Please copy each line in the records below that contains the string "Villa".

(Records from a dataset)
# # # # #

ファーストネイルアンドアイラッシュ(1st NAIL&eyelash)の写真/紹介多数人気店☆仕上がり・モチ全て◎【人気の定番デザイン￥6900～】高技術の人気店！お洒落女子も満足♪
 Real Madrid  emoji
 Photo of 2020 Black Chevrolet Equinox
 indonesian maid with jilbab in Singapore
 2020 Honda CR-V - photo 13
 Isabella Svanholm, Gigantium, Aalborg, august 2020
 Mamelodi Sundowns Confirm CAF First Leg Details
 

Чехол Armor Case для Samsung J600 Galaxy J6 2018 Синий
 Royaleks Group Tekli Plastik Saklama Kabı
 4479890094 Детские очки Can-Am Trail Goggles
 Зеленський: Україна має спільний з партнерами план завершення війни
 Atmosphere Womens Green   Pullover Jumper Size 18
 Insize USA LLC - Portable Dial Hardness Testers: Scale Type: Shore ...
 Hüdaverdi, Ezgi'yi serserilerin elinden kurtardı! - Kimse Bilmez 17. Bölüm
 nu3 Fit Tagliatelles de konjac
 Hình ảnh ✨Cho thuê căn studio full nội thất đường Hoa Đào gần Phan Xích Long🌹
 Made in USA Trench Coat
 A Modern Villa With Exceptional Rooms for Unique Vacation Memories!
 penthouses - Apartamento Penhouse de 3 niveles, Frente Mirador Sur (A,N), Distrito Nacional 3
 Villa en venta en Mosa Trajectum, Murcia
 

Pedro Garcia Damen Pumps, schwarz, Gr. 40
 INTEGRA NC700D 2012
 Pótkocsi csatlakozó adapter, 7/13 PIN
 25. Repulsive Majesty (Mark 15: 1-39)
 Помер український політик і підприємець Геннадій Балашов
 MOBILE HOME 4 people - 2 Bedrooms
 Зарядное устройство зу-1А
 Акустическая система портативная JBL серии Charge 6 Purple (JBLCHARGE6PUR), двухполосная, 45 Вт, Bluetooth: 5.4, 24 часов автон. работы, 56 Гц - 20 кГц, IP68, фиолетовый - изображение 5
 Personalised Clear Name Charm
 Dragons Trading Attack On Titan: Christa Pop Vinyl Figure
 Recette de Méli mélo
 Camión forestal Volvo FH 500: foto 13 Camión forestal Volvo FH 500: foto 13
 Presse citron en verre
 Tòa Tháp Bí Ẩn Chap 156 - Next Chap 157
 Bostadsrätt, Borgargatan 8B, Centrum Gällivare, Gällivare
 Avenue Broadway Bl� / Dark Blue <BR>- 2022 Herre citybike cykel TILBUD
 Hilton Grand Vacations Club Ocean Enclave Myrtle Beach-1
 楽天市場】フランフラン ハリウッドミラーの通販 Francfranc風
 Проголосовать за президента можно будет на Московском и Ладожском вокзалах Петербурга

# # # # #

## Output for this task
 A Modern Villa With Exceptional Rooms for Unique Vacation Memories!
 Villa en venta en Mosa Trajectum, Murcia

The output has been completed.